Un migliaio circa i partecipanti, tra cui si sono messi in mostra esponenti politici di partiti (anche se non ufficialmente invitati), come i deputati di SEL Nicola Fratoianni e l'ex sindacalista Fiom Giorgio Airaudo, nonché l'europarlamentare Eleonora Forenza della Lista Tsipras-l'altra Europa; e perfino, in cerca di visibilità e riciclo, vecchi imbroglioni trotzkisti dell'”autonomia operaia” come Piperno e Scalzone. Davanti al Frentani i militanti della cellula Rivoluzione d'Ottobre di Roma e dell'Organizzazione di Civitavecchia hanno diffuso il volantino del PMLI sui risultati elettorali che indica la necessità del socialismo e del potere politico al proletariato.
Indubbiamente dal punto di vista della partecipazione questa iniziativa ha avuto successo, perché ha intercettato un diffuso e condivisibile bisogno di unità e di lotta tra i lavoratori, compresi i precari, i giovani e in generale l'elettorato di sinistra che si è astenuto per protesta e schifati da questo governo. Che si tratti di una coincidenza o no, sta di fatto che cadendo proprio all'indomani delle elezioni regionali, che con un astensionismo senza precedenti hanno evidenziato la profonda frattura tra l'elettorato di sinistra e il PD di Renzi, questo evento non avrebbe potuto essere mediaticamente più tempestivo, dato che questo “nuovo soggetto politico” si propone di essere un “contenitore” per raccogliere e unire tutto ciò che si muove in maniera frammentaria alla sinistra del PD. Ma su quali basi, e per fare cosa?

Un progetto che “non si sa dove inizia e dove finisce”
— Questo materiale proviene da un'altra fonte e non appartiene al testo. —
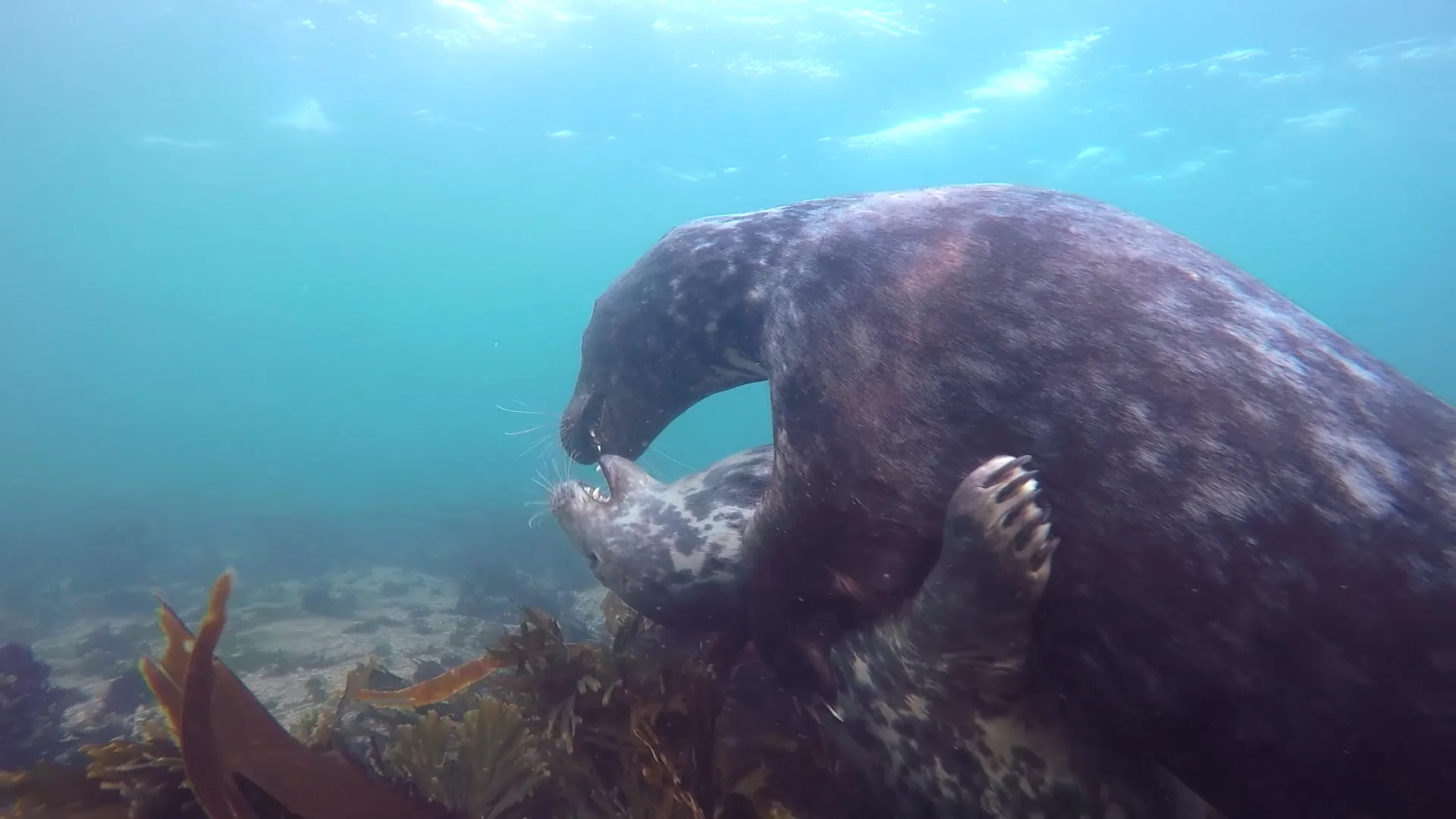 Grey seals courtship behaviour on Vimeo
Va detto subito che questa due giorni romana non ha aggiunto molto al già vago progetto di Landini e Rodotà come si era delineato fino ad oggi. Costoro insistono a dichiarare che non è e non vuole essere un partito, anzi che non ha nemmeno una collocazione politica precisa, “di destra o di sinistra” che sia, considerate categorie del '900 ormai superate e incapaci di rappresentare la frantumata realtà della società attuale. “Oggi inizia un percorso che ha come obiettivo quello di unire tutto quello che è stato diviso e rimettere al centro il lavoro con un'idea diversa di sviluppo, di sostenibilità ambientale e tutta la questione del diritto al sapere e alla conoscenza”, ha detto infatti Landini confermando con queste fumose parole tutta la vaghezza del suo progetto politico; un progetto “nato fuori dai partiti, ma per ricostruire una politica con la 'p' maiuscola che parli dei problemi delle persone, che permetta alle persone di partecipare”, ha aggiunto enfaticamente. E ai giornalisti che gli chiedevano se Coalizione sociale intende porsi alla sinistra del PD, il segretario Fiom ha risposto stizzito: “Questa iniziativa non è richiudibile dentro una dimensione di destra, centro o sinistra, è un'altra cosa. Dentro ai recinti noi non ci stiamo. Noi parliamo alle persone, poi decideranno le persone cosa fare”.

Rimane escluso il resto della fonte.